■ EXERCISE AIM
Where does the string "Photo" appear in the records? Copy every line that contains it.

■ MATERIAL FOR THIS EXERCISE
────────────────────────────────────────

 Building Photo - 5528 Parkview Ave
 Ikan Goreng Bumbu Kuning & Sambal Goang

────────────────────────────────────────

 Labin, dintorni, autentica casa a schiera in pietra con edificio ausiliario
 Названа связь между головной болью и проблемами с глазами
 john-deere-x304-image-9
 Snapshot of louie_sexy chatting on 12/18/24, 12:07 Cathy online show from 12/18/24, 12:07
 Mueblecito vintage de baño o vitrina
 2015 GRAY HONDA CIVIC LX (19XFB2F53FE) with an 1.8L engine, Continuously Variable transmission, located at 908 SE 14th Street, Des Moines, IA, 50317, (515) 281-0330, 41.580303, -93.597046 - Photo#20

────────────────────────────────────────

■ TASK SOLUTION
 Building Photo - 5528 Parkview Ave
 2015 GRAY HONDA CIVIC LX (19XFB2F53FE) with an 1.8L engine, Continuously Variable transmission, located at 908 SE 14th Street, Des Moines, IA, 50317, (515) 281-0330, 41.580303, -93.597046 - Photo#20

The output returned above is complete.